Moreover, the cognitive capacities of the elderly are diminished. That is a bigger cause for concern than it is a breeding ground for jokes. Old voters are bad, non-rational voters. A 2014 US study showed that older people are less rational than younger people. And all of the aforementioned problems require rational solutions, not populist ones. This has political and therefore real consequences, not only socio-economic but also ecological. One solution could be to better inform the elderly, but because people are sentimental, stubborn, loss-avoiding creatures, another solution may be more functional: an age-related vote weight.
The English historian and political scientist David Runciman came up with the proposal to give 6-year-olds the right to vote . Such an approach may seem rigorous, but it raises the question of why we should not vote until we are eighteen. Why don't we stop, let's say something, at 86, the life expectancy of now 65-year-old women? Another proposal is to give each 6-year-old child a vote weight of eighty, which will be one less weight each year (7 years old, 79 votes; 8 years old, 78 votes; when you turn 35 you still have a vote weight of 51 ). This creates a link between your vote weight and the number of years you can still live in this world, and you are forced to think more rationally and responsibly about your political choice.
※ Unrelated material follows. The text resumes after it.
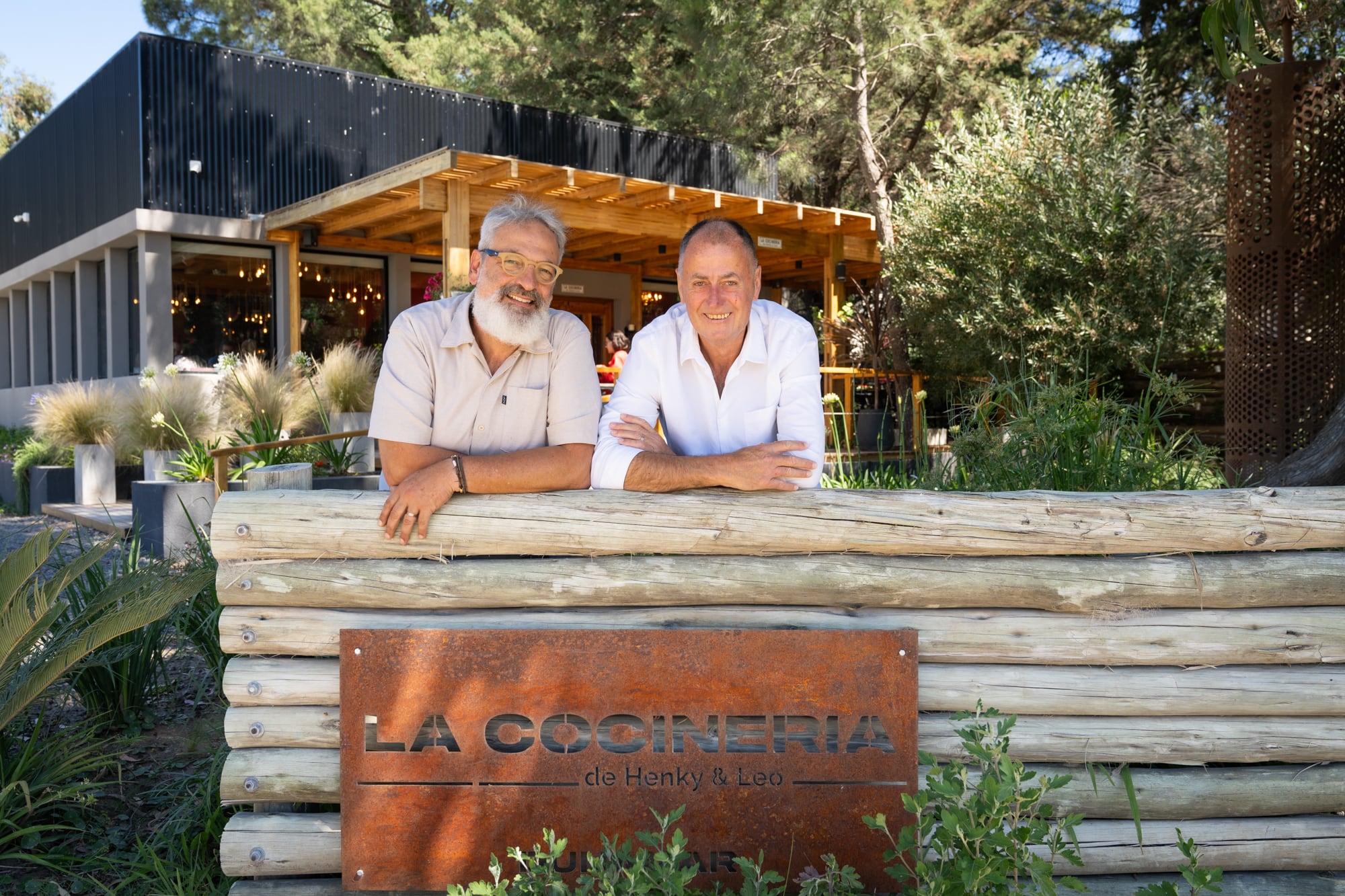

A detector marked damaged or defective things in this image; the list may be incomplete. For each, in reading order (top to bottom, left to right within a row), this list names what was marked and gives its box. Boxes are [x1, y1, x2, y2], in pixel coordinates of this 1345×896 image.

rusty metal sign [342, 629, 920, 893]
It is much easier to be in favor of the abolition of the basic grant, of keeping coal-fired power plants open and of selling homes to investors if the consequences of increased student debt, CO 2 emissions or a corrupt housing market don't hit your proverbial plate. As you get older, your political vote should therefore not gain more, but less weight. The elderly may not like to hear that, but it is an opportunity to make Dutch democracy and society more just - a democracy and society often controlled by, indeed, increasingly aging self-secrets like me.